Available data below:

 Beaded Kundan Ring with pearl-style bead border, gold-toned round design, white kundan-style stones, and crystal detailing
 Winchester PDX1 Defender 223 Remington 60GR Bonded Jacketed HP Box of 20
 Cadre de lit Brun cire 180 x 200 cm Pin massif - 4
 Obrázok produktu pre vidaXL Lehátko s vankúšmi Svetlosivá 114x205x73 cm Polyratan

End of Available data.

:: Task item ::
Quote the listing above from its first line to the line with "Cadre de lit", inclusive, and add nothing.

:: Reply ::
 Beaded Kundan Ring with pearl-style bead border, gold-toned round design, white kundan-style stones, and crystal detailing
 Winchester PDX1 Defender 223 Remington 60GR Bonded Jacketed HP Box of 20
 Cadre de lit Brun cire 180 x 200 cm Pin massif - 4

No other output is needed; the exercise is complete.